By Mark Shenk
Feb. 3 (Bloomberg) -- Crude oil rose on speculation that reduced OPEC production in January will curb surplus global inventories and bolster prices.
OPEC production averaged 28.57 million barrels a day last month, down 3.5 percent from December, according to a Bloomberg News survey of oil companies, producers and analysts. The United Arab Emirates and Qatar plan to extend reductions in crude oil shipments in March, according to refiners.
“It looks like OPEC made substantial cuts,” said Nauman Barakat, senior vice president of global energy futures at Macquarie Futures USA Inc. in New York. “They still have a long way to go but it appears the market is inclined to give OPEC the benefit of the doubt.”
Crude oil for March delivery rose 33 cents, or 0.8 percent, to $40.41 a barrel at 9:10 a.m. on the New York Mercantile Exchange.
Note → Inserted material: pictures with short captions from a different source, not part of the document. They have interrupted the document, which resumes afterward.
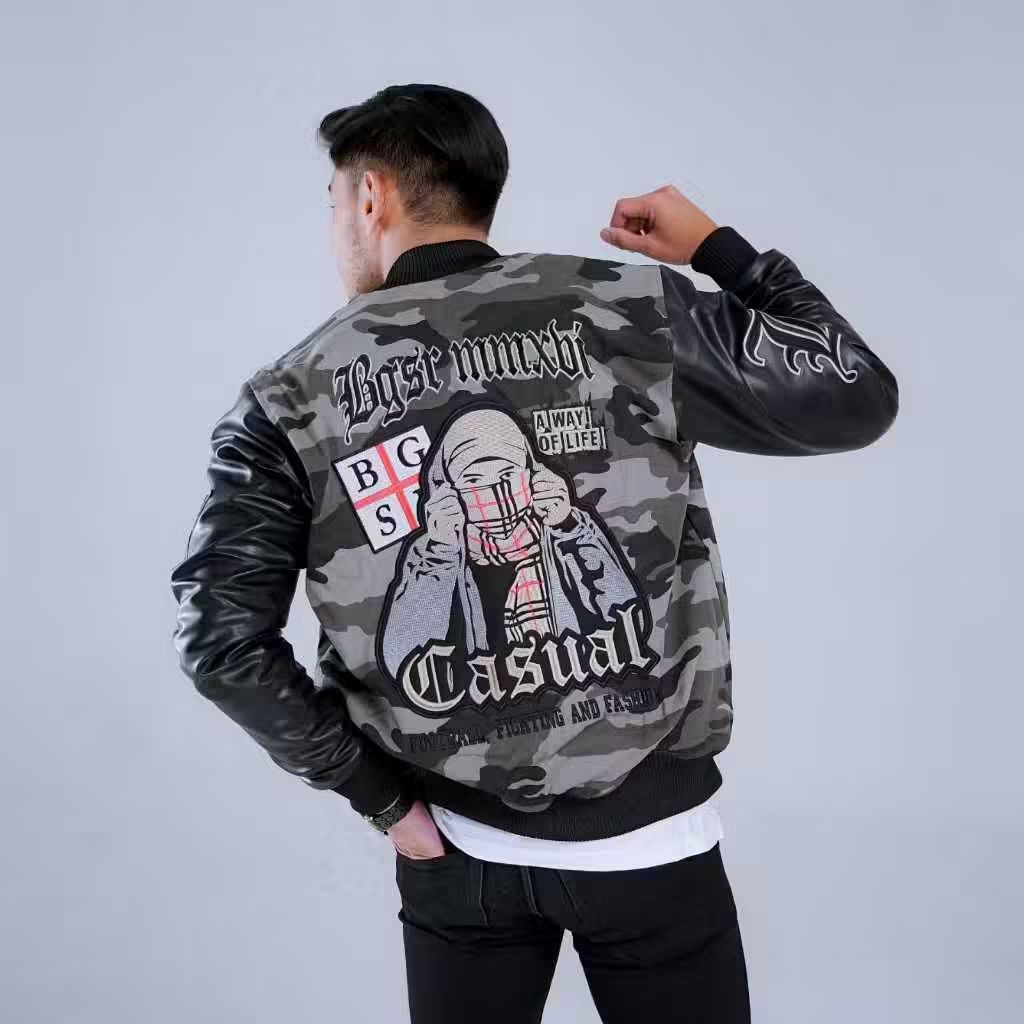 JAKET PRIA LORENG CAMO ARMY BAHAN KANVAS JAKET PARKA CAMO ARMY LORENG FULL BORDIR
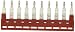 Dinkle DSS2.5N-10P DIN Rail Terminal Block Press-Fit Jumper (Pack of 10)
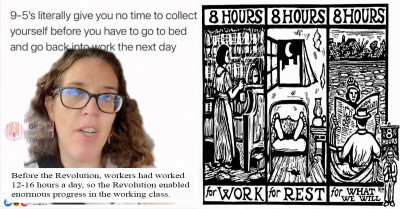 The Women Explained Why The Model Of 8-Hours Work-Sleep-Play Is Outdated And Doesn't Suit The Modern Society Anymore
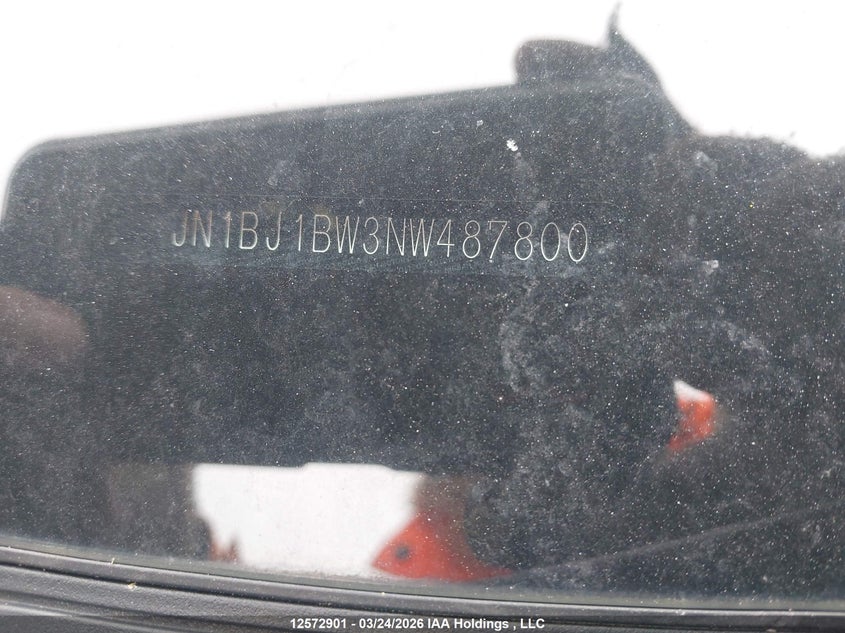 2022 Nissan Rogue Sport Sv VIN: JN1BJ1BW3NW487800 Lot: 12572901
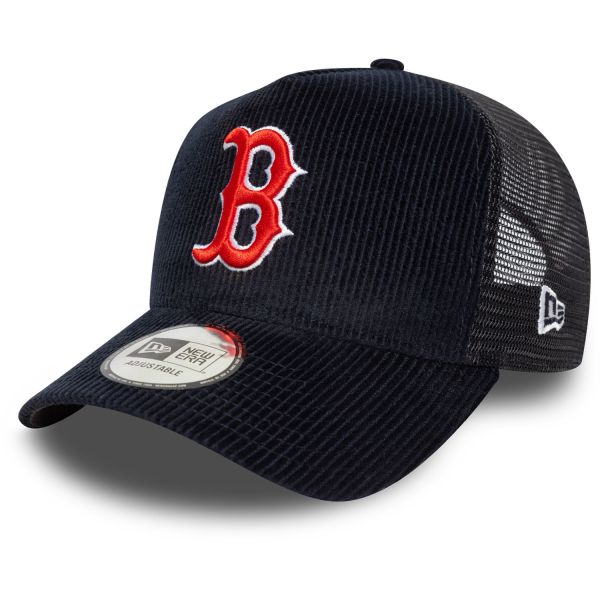 New Era A-Frame Trucker Cap - CORDE Boston Red Sox navy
Futures touched $39.65, the lowest since Jan. 20. Prices are down 9.4 percent this year and are 55 percent lower than a year ago.
The Organization of Petroleum Exporting Countries, responsible for more than 40 percent of global oil supply, agreed on Dec. 17 in Oran, Algeria, to lower production as oil prices headed for their first annual decline since 2001.
OPEC members with output quotas, all except Iraq, pumped 26.2 million barrels a day, 1.36 million more than their target of 24.85 million barrels a day.
U.A.E. and Qatar
The U.A.E. and Qatar plan to reduce their crude oil shipments to Asia in March in line with OPEC cuts, said refiners who received notices from suppliers.
State-owned Qatar Petroleum will slash supplies of its Marine grade sold under long-term contracts by 15 percent, following a 6 percent cut in February, said the refinery officials in Singapore, China, Japan and South Korea, who asked not to be named, citing confidentiality agreements.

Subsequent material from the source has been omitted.